In this study, naked plasmid (eARGs) could be exchanged between the two arms of modified U-tube, while P. putida (RP4) (iARGs) could not be. In E. coli recipient experiments, green fluorescence was not obtained in recipient flask of U-tube. When the recipient strains changed to microcosm recipient (bacteria from reclaimed water microcosm), the green fluorescence transconjugants (or transformants) were obtained not only in flask experiment but also in the U-tube, as shown in Figure 4B. The changes in fluorescence are also shown in Figure 5. Green fluorescence is not detected in Figure 5A4. However, slight green fluorescence is observed in Figure 5B4. Moreover, cells in Zone Q4 of Figure 5B3 were transconjugants of Test 8#, which were more than that in Test 7# (Figure 5A3). Zone Q1 of Figure 5B4 exhibits some red fluorescence. This is possibly attributed to the transfer of some chromosome DNA tagged rfp from dead cells into the recipient flask, followed by the completion of the transformation with reclaimed water microcosm. However, whether they were transformation cells from the rfp chromosomal or not, still require further research. In other words, the modified U-tube can be used to eliminate the transformation effects produced by cell lysis in the research of conjugative transfer when conditions are appropriate [46]. Compared to the device used by Davis [33], the U-tube modified in this study can be separated and assembled anytime. Moreover, it can also can be sterilized and reusable. The arms designed as flasks are easy for sampling. The filter can be changed to different pore sizes according to the research material.

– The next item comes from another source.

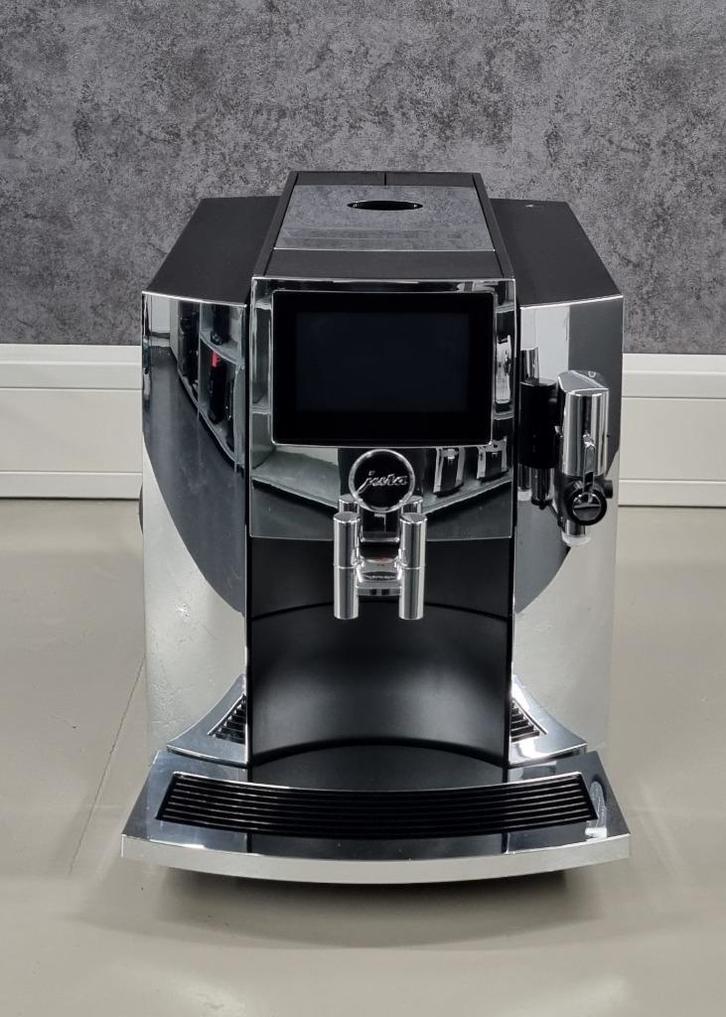 Jura S8 Chrome MET TOUCHSCREEN GARANTIE EN SERVICEBEURT, Witgoed en Apparatuur, Koffiezetapparaten, Zo goed als nieuw, Gemalen koffie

However, the conclusion drawn above was based on the assumption that washing with PBS could eliminate eDNA. Owing to the randomness of the sampling and insensitivity of the detection methods, the effectiveness of methods eliminating the free DNA should be studied in further research.

4. Conclusions

The main objective of this study was to develop a method to distinguish conjugation and naked DNA transfer (or even transformation and transduction) in one system. The U-tube was designed using a 0.22 μm membrane to separate the chambers to achieve this purpose. This membrane allows plasmids and other Mobile Genetic Elements (MGEs) to move between the chambers but does not allow movement of intact bacterial cells. Selective media, PCR, CLSM and FCM were used to demonstrate the performance of the U-tube in conjugation and plasmid transfer experiments. In verification experiments, plasmid RP4 was observed in all samples except in the recipient flask of the U-tube when P. putida (RP4) was in the donor flask, which verified that the membrane of the U-tube could prevent cell-to-cell contact. Then the transconjugants (or transformants) were obtained in microcosm experiment in U-tube, which indicates that the modified U-tube can be successfully used to distinguish the plasmid transfer (or transformation effects) from conjugation and provide an exact conjugative transfer date.